I suggest you start out anticipating the best, but always monitor the progress. Same advice would apply if you hired a private lawyer or were appointed a private lawyer.
Here's what you should expect from any criminal defense lawyer: The lawyer should keep you informed at all stages, answer your questions, consider your ideas, investigate your case, find evidence to support your defense, try to exclude unfavorable evidence, consult with experts (if needed), come to court prepared, negotiate the best possible disposition, and be fully prepared to try your case if needed or desired.
If your lawyer does those things, then you have a good one. If your lawyer doesn't, then you need a new one. See link below; though keep in mind written with reference to California law. A similar process will be available in your state.

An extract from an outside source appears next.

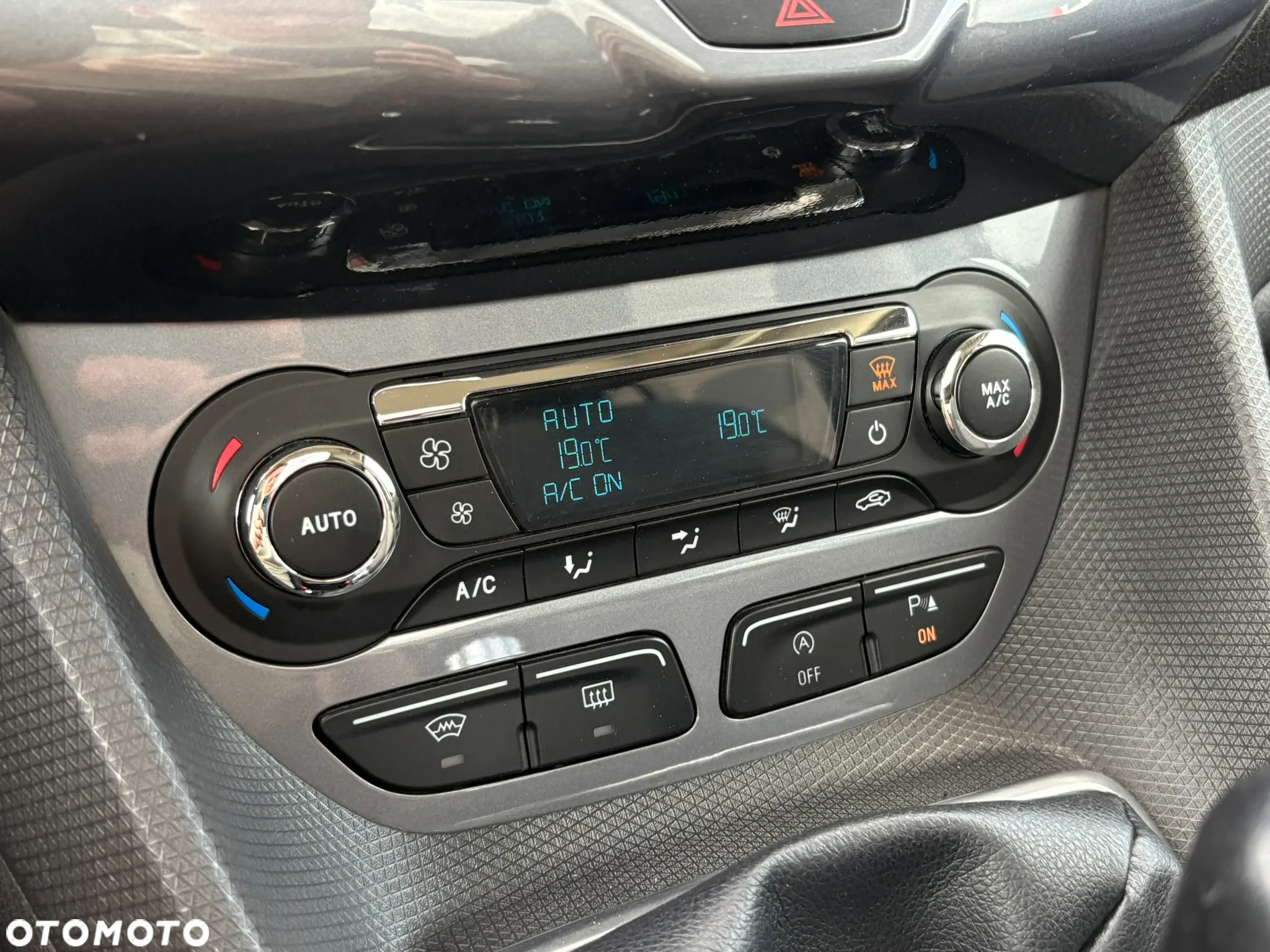 Ford Tourneo Connect 1.5 TDCi Titanium - 15
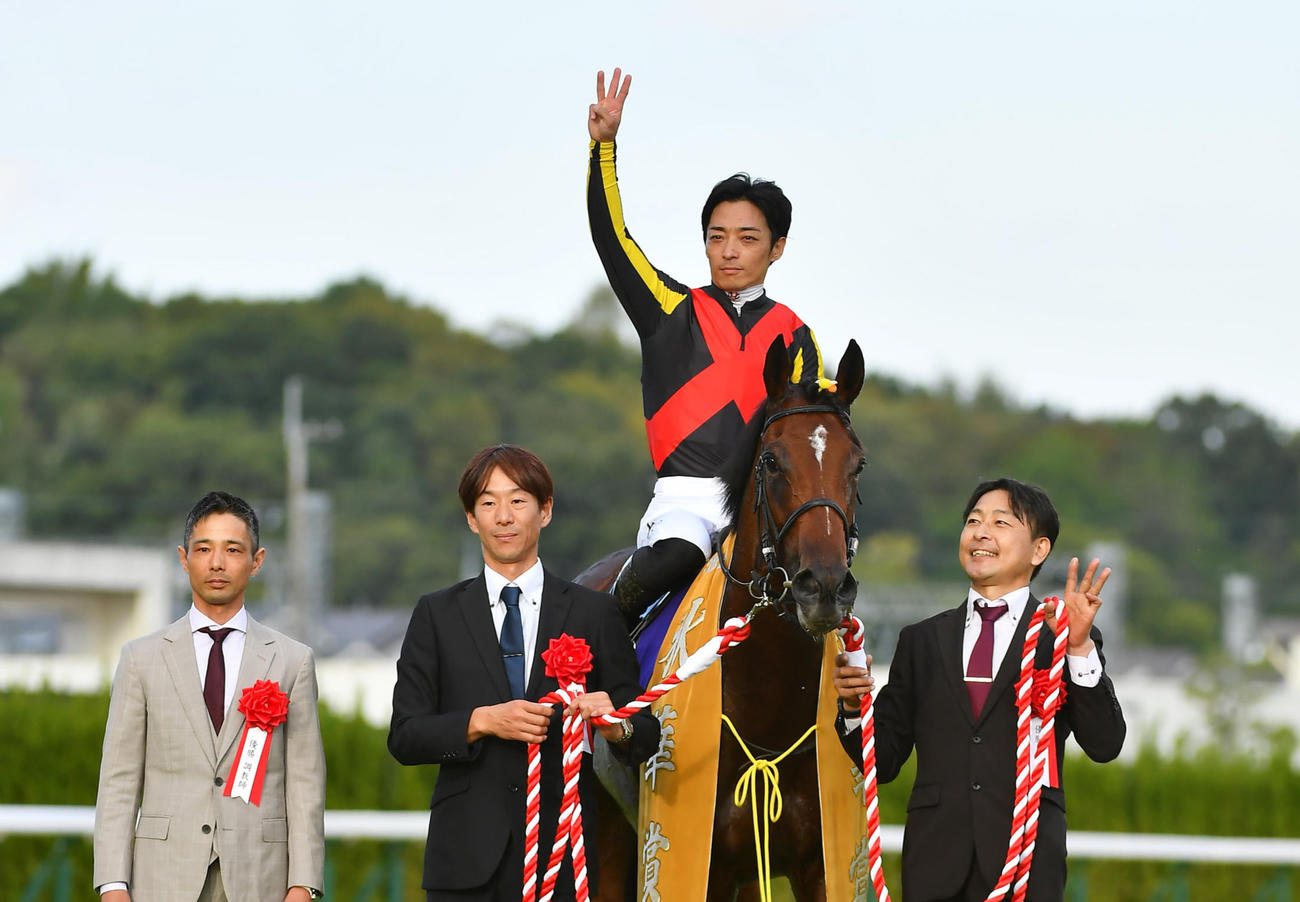 3冠達成で3本指を掲げる川田騎手とリバティアイランド（撮影・清水貴仁）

Mr. Smith and Ms. O'Connor are both correct. There are good and bad attorneys, but their abilities have little to do with how they are being paid. I recently had a colleague relate a story to me. He was approached by a criminal defendant who had been appointed an attorney by the court. The defendant's concerns were similar to yours. So my colleague asked the defendant the name of the attorney who had been appointed to him. It just so happened that the attorney who was appointed is widely considered one of the best criminal defense attorneys in Cleveland. In fact, if I were ever in need of criminal representation, the attorney who happened to be appointed to the defendant's case is exactly the attorney I would hire. Follow Ms. O'Connor's suggestions, and you should be fine.